The ILI was effective in increasing physical activity and improving cardiorespiratory fitness in overweight and obese individuals with type 2 diabetes. This effect may add to weight loss in improving metabolic control in patients in lifestyle intervention programs.
Data from the 2003–2004 National Health and Nutrition Examination Survey indicate that more than 65 percent of adults in the United States are overweight (BMI: 25.0–29.9 kg/m2) or obese (BMI≥30 kg/m2) 1. Overweight and obesity have been linked to numerous chronic diseases including cardiovascular disease, diabetes, several forms of cancer, and musculoskeletal problems 2, 3. This has resulted in obesity-related conditions accounting for approximately 7 percent of total health care costs in the United States, and it is estimated that the direct and indirect cost of obesity is in excess of $117 billion annually 4.
The prevalence of type 2 diabetes is approaching 9 percent of the adult population in the United States, with excess body weight contributing to the current type 2 diabetes epidemic 5. Physical inactivity and low levels of fitness have been shown to contribute to the onset of type 2 diabetes as well 6, 7. Moreover, increased physical activity is considered to be important for the management of type 2 diabetes because it may assist with weight loss and impact insulin resistance and the management of blood glucose 8. Finally, using data from a longitudinal prospective non-intervention study, Church et al. 9 reported that a low level of fitness was associated with an increase in cardiovascular disease (CVD) events in individuals with type 2 diabetes. However, data from randomized clinical trials confirming this finding are lacking.

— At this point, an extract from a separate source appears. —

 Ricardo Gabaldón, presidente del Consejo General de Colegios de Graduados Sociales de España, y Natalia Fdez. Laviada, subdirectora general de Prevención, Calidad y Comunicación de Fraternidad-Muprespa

The Look AHEAD Study is a multi-center clinical trial examining the effect of weight loss and fitness on CVD endpoints in individuals with type 2 diabetes. An important component of the Look AHEAD Study is that objective measures of fitness are obtained on approximately 5,000 individuals randomized to participate in this study, providing a unique opportunity to examine the changes in fitness that can be achieved with an intensive lifestyle intervention. The findings reported herein expand on the one-year outcomes from the Look AHEAD Study that have recently been reported 10, and focus primarily on describing the observed changes in fitness and physical activity, along with demographic characteristics that appear to contribute to changes in fitness.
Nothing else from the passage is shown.